Öffentliche Unterhaltungsveranstaltungen sind nur dann erlaubt, wenn sie den besinnlichen und ernsthaften Charakter der Feiertage nicht stören. Sportveranstaltungen wie beispielsweise Fußballbundesligaspiele sind am Karfreitag untersagt. Weiterhin ist am Karfreitag ein öffentliches Tanzverbot gesetzlich ausgesprochen. Dies bedeutet, dass Sie sowohl in Diskotheken und als auch in Lokalitäten mit Schankbetrieb keinerlei musikalische Darbietungen erwarten dürfen.

Wenn Sie an Karfreitag eine private Feier planen, dürfen Sie natürlich Musik auflegen. Jedoch sollten Sie darauf achten, dass Sie die Lautstärke derart regeln, dass sich Nachbarn in ihrer Feiertagsstimmung nicht belästigt fühlen.
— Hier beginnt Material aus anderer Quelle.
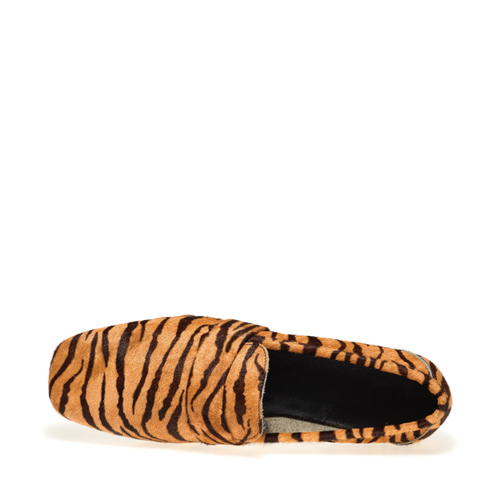 Animal-print square-toe loafers - Frau Shoes | Official Online Shop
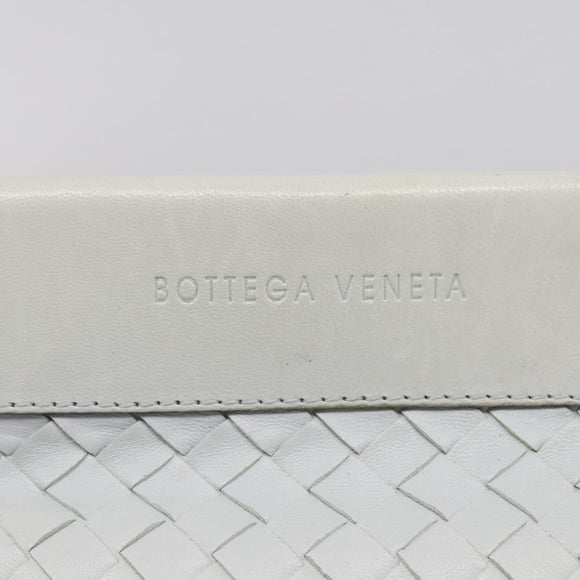 BOTTEGA VENETA INTRECCIATO Shoulder Bag Leather Light Blue Gold Auth ka6365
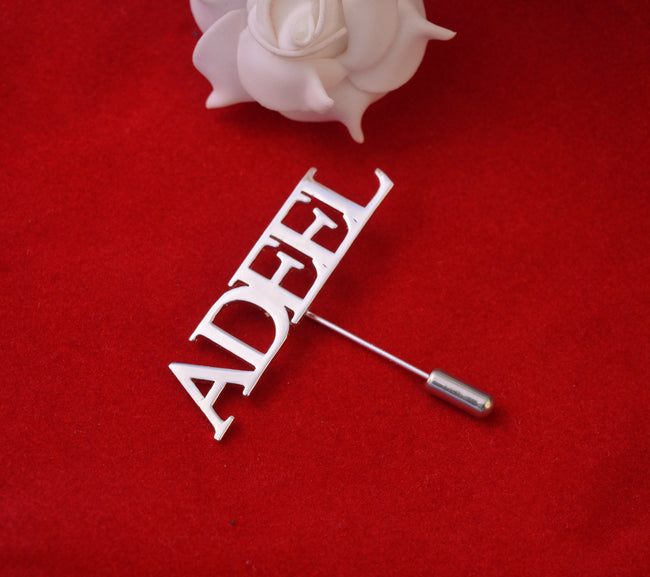 Your Name Coat Pin - Lapel Pin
Ähnliches gilt für private Tanzveranstaltungen wie etwa Tanzworkshops in Vereinen. Allerdings ist hier zu beachten, dass die Tanzstunden nicht im Rahmen einer öffentlichen Veranstaltung mit Ausschank abgehalten werden dürfen. 

Planen Sie an Karfreitagabend das Musik- und Tanzverbot mit ein. Ab Mitternacht ist an Karfreitag das Abspielen von Musik in der Öffentlichkeit untersagt.

Tabellarische Übersicht: Was ist erlaubt, was nicht?

Erlaubt, beziehungsweise geöffnet Nicht erlaubt
Kunstausstellungen Sportveranstaltungen
Zoos Abspielen von lauter Musik nach Mitternacht
Museen öffentliche Tanzveranstaltungen
Bäckereien (zu normalen Sonntagsöffnungszeiten) Zirkusaufführungen, Volksfeste
Schwimmbäder Wochenmärkte

Karfreitag - ein Feiertag für die ganze Bevölkerung

Nicht alle Menschen verbinden mit Karfreitag eine religiöse Bedeutung. Durch die gesetzlichen Bestimmungen und die Tatsache, dass an diesem Tag nicht gearbeitet wird, ist es jedoch ein Feiertag für alle. Ob gläubig oder nicht, nimmt der Karfreitag unter allen Feiertagen im Jahr eine besondere Rolle ein, die jeder individuell mit Inhalt füllen kann.